These enlightened souls with money and `exposure` invest in land and establish only hotels. Because, you know, that is the only way to help the local community.

Somehow, that dream of living the isolated life and giving back to the nature turns into an establishment with rooms and room services.

Last year, I had the privilege of speaking to a young metropolitan a Christopher McCandless-turned-Donald Trump who has established a huge hotel in Hunza, and is expanding it aggressively. He did not want to leave out even an inch of space for making money out of the famous `Attabad View`. It seems that the lake itself is receding because of such exploitation, as if it has had enough.

The lake is only a decade old, but instead of understanding the event of its birth which was a calamity, if you remember the lake`s growth and its mood, the mountain-loving businessmen grabbed every opportunity to feast on its beauty without learning anything from its creation. The person concerned ended up creating a social divide which is as sharp as is the environmental divide.

The man-with-dreams said he planned to buy more land, build more infrastructure, and to develop a society of sorts. Though on a small scale, a niche property for the privileged. He was a real estate tycoon in the making. I say `in the making`because had he been an established hardcore tycoon, he would have established a lavish `town` in Hunza already even if he had to take one of the Passu Cones down, and onein Skardu, with Upper Kachura Lake in the middle, and one in Chitral, which will of course have a polo ground of its own, and, indeed, one in Gwadar, right next to the serene blue beach. This would have happened simply because natural landscape and features naturally belong to the nature-loving enthusiasts of the country ... the ones with lots of money.

But, frankly, our little tycoon in not the only one for whom empathy is a word that exists in dictionaries only. We are a society wherein decision makers would have the audacity to even plan to demolish Lahore`s famous historical monument of Chauburji that was apparently coming in the way of the Orange Line Metro Train, or to dig away the Ardi Mountains at Kirthar National Park to expand lavish housing colonies, or to build infrastructure on precious agricultural land.

That being so, it is unfair to expect tycoons in the private sector to understand that growth and infrastructure that revolve around erecting buildings only displace local communities, while traditional neighbourhoods vanish and the true identity of a place is lost. We lack empathy and planning, especially at Grade 20 and above, and the tourism sector is no exception.
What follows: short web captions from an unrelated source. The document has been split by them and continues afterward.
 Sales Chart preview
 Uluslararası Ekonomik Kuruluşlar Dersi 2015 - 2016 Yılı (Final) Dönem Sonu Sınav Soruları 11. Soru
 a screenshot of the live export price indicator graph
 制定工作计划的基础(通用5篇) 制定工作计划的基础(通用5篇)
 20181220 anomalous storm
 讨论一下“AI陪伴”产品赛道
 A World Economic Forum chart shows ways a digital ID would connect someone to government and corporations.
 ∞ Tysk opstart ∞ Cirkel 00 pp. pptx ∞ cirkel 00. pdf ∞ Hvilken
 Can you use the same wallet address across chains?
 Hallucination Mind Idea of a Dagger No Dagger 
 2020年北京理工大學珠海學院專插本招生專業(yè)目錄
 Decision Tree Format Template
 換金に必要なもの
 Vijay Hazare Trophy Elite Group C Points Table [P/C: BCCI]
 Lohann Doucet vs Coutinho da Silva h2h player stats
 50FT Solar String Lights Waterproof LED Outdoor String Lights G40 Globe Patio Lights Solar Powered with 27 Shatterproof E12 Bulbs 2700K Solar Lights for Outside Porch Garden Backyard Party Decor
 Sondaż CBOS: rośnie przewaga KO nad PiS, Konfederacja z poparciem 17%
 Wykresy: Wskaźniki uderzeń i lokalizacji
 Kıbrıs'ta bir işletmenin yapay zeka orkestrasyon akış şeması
I wonder why it is so difficult to comprehend that `development` and creating tourism opportunities do not necessarily mean `construction activity`.

Azad Kashmir, Baltistan, Chitral, Gwadar, Thar and all such areas are losing the essence of native communities,folk wisdom and, indeed, cultural heritage.

Our business tycoons continue to usurp Pakistan`s valuable land, gradually gnawing away layers of local environment and lifestyles. Occasionally on my travels when I tread on a terrain that is rough and unpaved, it is a moment of utter delight as that evidently suggests the lack of such opportunists reaching the remote regions.

Cities grow and infrastructure is needed, but is it necessary to do it at the cost of natural landscape and cultural heritage? While the world is making efforts trying to go back to its roots, we are bent on completely eradicating ours. We are getting obsessed with the idea of rapid construction; and in the process the essence of communities, folk wisdom and cultural heritage is losing its importance. This is another step back for a country like Pakistan which has rich cultural and traditional roots. Considering the pace at which we are `developing` Pakistan, we could perhaps change its name to the `Islamic Republic of Housing Societies of Pakistan`.